All of the data that follows is to be written out exactly, with images excluded.

Information provided Start Marker

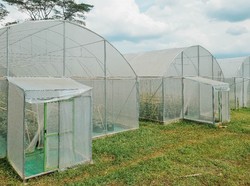Mau Budi Daya Melon? Ini Rekomendasi Plastik UV untuk Bangun Greenhouse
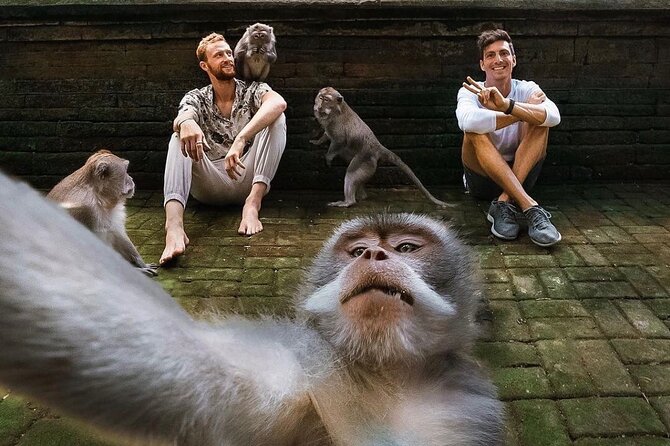 Ubud Tour-All Inclusive With Jungle Swing and Lunch - Good To Know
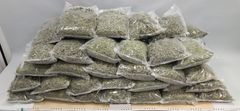 En del av de nästan 72 kilo marijuana som hittades i gömmorna. Foto: Tullverket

Information provided End Marker

• _Answer below_
Mau Budi Daya Melon? Ini Rekomendasi Plastik UV untuk Bangun Greenhouse
 Ubud Tour-All Inclusive With Jungle Swing and Lunch - Good To Know
 En del av de nästan 72 kilo marijuana som hittades i gömmorna. Foto: Tullverket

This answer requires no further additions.